» Exercise:
A copy of the listing below is needed, exact in every line and without images.

» Information shown:

▶

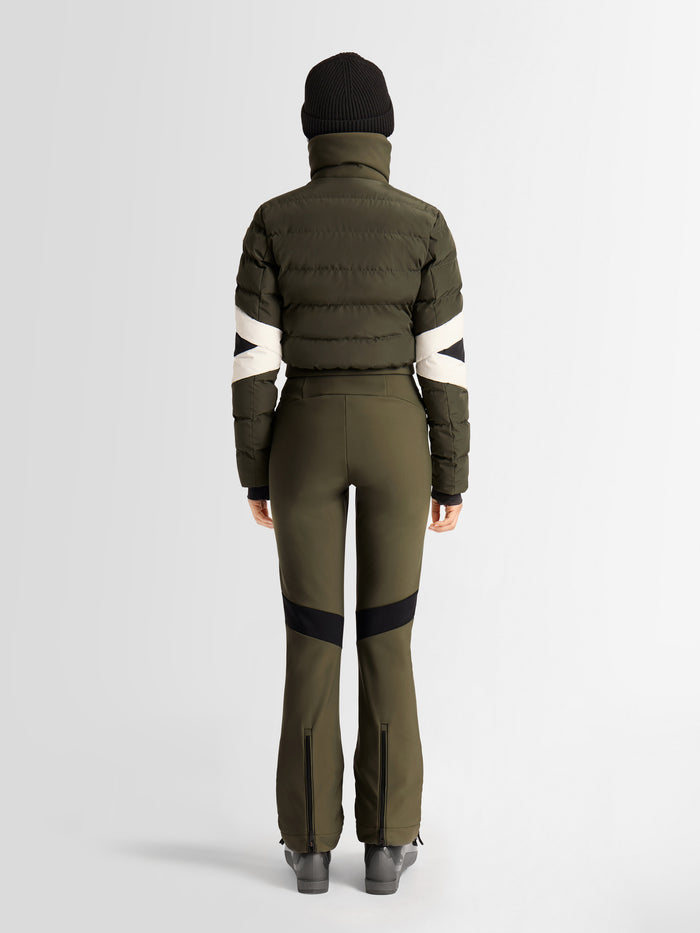 From the brand Fusalp Women's Clarisse Ski Suit in Moss Green/Noir/Neige - abigail fashion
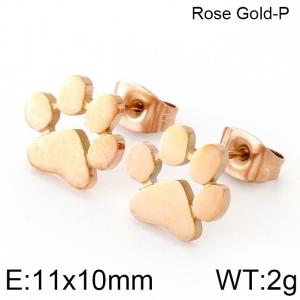 SS Rose Gold-Plating Earring - KE80720-K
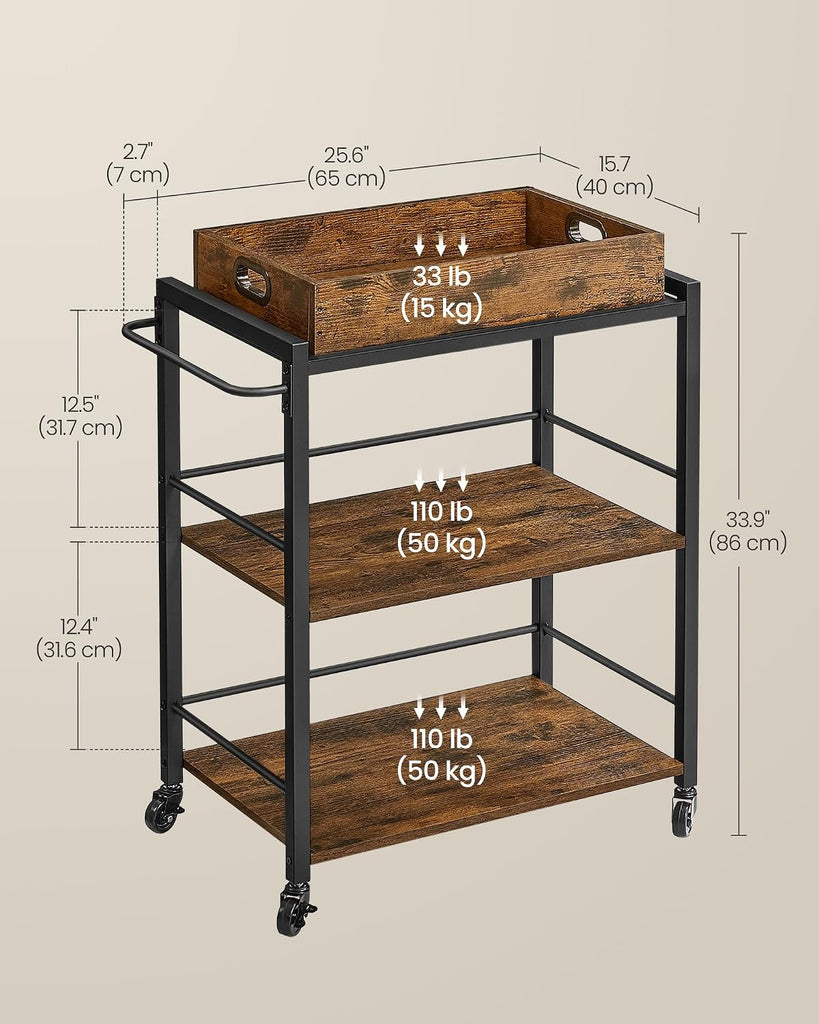 Kitchen Serving Cart with Removable Tray, 3-Tier Kitchen Utility Cart on Wheels with Storage, with Brakes, Leveling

◀

» Output:
 From the brand Fusalp Women's Clarisse Ski Suit in Moss Green/Noir/Neige - abigail fashion
 SS Rose Gold-Plating Earring - KE80720-K
 Kitchen Serving Cart with Removable Tray, 3-Tier Kitchen Utility Cart on Wheels with Storage, with Brakes, Leveling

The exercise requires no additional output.